Bodies on the Line: Quantifying how defenders affect chances.

From blogs to the BBC, the concept of ‘expected goals’ has entered the mainstream media's lexicon. It has caught on because it’s a useful concept; it’s a useful concept because football is a low-scoring game. Chance (or luck) can be the difference between victory and defeat, a good day or an off-day. Expected goals, however, measures what would have happened on an average day.

It’s a simple quantity to measure. Shots are assigned a number between the 0 or 1: the proportion of similar shots (from the same position, for example) that have resulted in a goal. I’ll refer to this as ‘chance quality’. You then add up the chance quality for every shot taken by a team in a match to calculate the number of goals that you would have ‘expected’ them to score that day^[1].
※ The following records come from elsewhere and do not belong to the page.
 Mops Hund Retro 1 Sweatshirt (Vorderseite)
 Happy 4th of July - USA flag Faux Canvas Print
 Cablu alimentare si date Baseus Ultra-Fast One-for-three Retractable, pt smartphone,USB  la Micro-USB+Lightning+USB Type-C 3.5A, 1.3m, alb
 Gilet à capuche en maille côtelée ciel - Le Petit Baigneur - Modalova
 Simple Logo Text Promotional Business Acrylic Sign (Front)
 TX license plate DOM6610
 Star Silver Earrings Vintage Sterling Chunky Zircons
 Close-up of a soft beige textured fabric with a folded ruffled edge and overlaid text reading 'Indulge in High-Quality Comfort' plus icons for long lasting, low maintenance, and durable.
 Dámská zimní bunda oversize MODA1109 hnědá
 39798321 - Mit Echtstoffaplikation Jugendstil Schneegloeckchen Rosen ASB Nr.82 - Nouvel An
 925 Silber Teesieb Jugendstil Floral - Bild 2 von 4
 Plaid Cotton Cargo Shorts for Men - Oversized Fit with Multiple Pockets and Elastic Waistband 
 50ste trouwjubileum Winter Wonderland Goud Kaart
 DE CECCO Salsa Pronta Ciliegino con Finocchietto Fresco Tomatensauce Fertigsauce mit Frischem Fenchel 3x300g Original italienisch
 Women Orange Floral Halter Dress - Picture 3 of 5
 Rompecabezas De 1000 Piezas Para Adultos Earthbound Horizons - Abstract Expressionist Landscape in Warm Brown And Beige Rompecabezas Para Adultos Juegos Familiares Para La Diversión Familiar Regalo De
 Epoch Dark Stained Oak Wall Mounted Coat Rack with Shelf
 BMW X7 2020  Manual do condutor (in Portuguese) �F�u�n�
One problem with typical measures of chance quality is that they tend to ignore the other team. How many of their defenders were between the shot-taker and the goal? How effectively were they denying him the time and space to take a clean shot? There is a huge difference between rolling the ball towards an undefended net, and fighting off four defenders while stretching to get a toenail on a cross.

Fortunately, thanks to Stratagem Technologies, we can now rectify the situation. Their analysts encode at least two pieces of important defensive information in their ‘key chances’ dataset: the number of defending players between the ball and the goal as the shot was taken and an assessment of the pressure they exerted on the attacking player as he took a shot.

In this post I’m going to investigate how chance quality is affected by the location and actions of the opposing defenders. I’ll do this in two stages: first, I’ll build a basic model in which the probability of a goal is determined solely by shot position and shot type (header, penalty, free kick, etc). I’ll then extend this model to incorporate Stratagem's defence metrics, demonstrating quantitatively how the configuration and actions of the defending team influence the probability of a goal.

The Basic Model

Stratagem collect a huge amount of data for each match. Most notably for this analysis, they provide^[2]:

1) Shot location;

2) Type of shot (free kick, penalty, own goal, open play);

3) Part of body (left foot, right foot, header);

4) Number of defenders between the shot location and goal;

5) Defensive pressure (on a scale between 0-5);

I will focus on shots that arise from open-play, ignoring free kicks, penalties and own goals. The data is currently only available for the 2016/17 season; the final dataset consists of just under 7600 open-play chances.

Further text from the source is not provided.